Por Rodrigo Carro – Valor Econômico

As despesas das prefeituras brasileiras com educação, cultura, saúde e saneamento cresceram mais de 2,5 vezes desde 1972, como proporção dos recursos municipais desembolsados. Já os gastos com urbanismo minguaram nos últimos 44 anos, apesar de a população urbana no país ter mais que triplicado no período. As informações constam de um levantamento realizado pelo site Observatório de Informações Municipais, com base em dados de 1972 a 2016 abrangendo todas as cidades do país.

Em 1972, as despesas relacionadas à urbanização (serviços, infraestrutura e transporte) correspondiam a 27,41% dos recursos gastos pelas prefeituras. Na época, o percentual era superior a todos os gastos com educação, cultura, saúde e saneamento (20,49%). Essa proporção havia se alterado drasticamente no ano passado, constata o estudo realizado pelo geógrafo e economista François Bremaeker, gestor do Observatório. No ano passado, as despesas com urbanismo haviam encolhido para o patamar de 10,14%, enquanto os gastos com educação, cultura, saúde e saneamento aumentaram para 54,85%.

A vinculação de receitas públicas nas áreas de educação e saúde, a partir da década de 1980, foi decisiva na expansão desses gastos, destaca Bremaeker. Atualmente, 25% da receita tributárias e das transferências constitucionais devem obrigatoriamente ser aplicadas na educação por Estados e municípios.

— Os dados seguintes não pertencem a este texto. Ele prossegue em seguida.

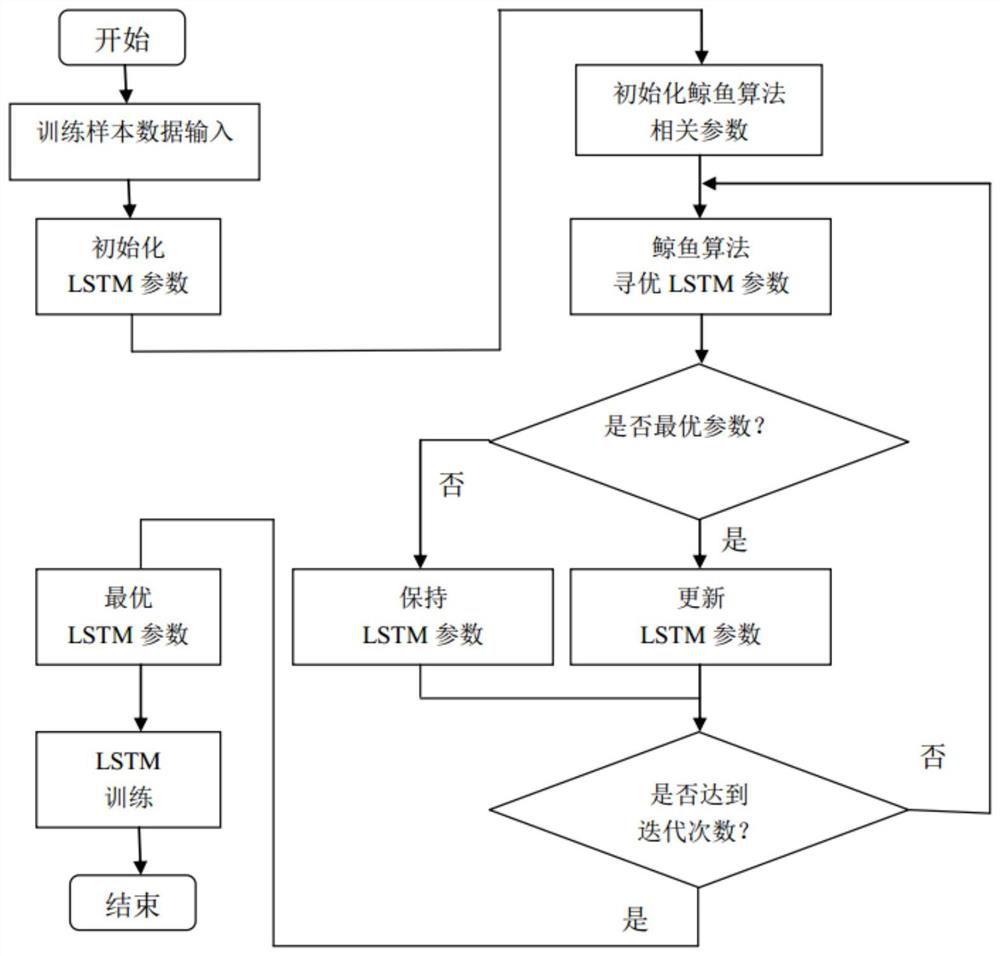 Short-term load prediction method based on long short-term memory network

Para o segmento de saúde, o percentual obrigatório – definido pela Emenda Constitucional nº 29, de 2000 – é de 15%. “Além disso, outras obrigações infraconstitucionais, como o financiamento de programas criados pelo governo federal [e implementados pelos municípios], vão automaticamente engordando as despesas com saúde e educação”, explica o geógrafo.

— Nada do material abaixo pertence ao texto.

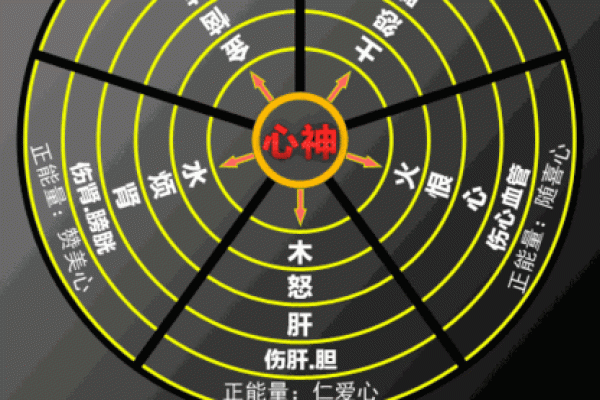 五行格局揭秘：康熙皇帝的土性性格解析与如何成就大业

Como exemplo, ele cita creches construídas com recursos federais mas mantidas pelas prefeituras. E, também, as Unidades de Pronto Atendimento (UPAs), em que o custeio deveria ser em teoria repartido igualmente entre União, Estado e município. Com a retração da receita tributária nos níveis federal e estadual, muitos municípios se viram com a responsabilidade de financiar sozinhos o funcionamentos das UPAs. A estimativa da Confederação Nacional de Municípios (CNM) é de que há 171 Unidades de Pronto Atendimento fechadas no país.

Presidente da CNM, Paulo Ziulkoski atribui aos programas criados pelo governo federal nas últimas décadas – como o Saúde da Família e o Proinfância – grande parte do inchaço nos gastos com pessoal das prefeituras brasileiras. Estudo divulgado em outubro pela CNM contabilizava 1.297 municípios brasileiros (de um total de 5.570) com despesas de pessoal acima do limite constitucional ao fim de 2016.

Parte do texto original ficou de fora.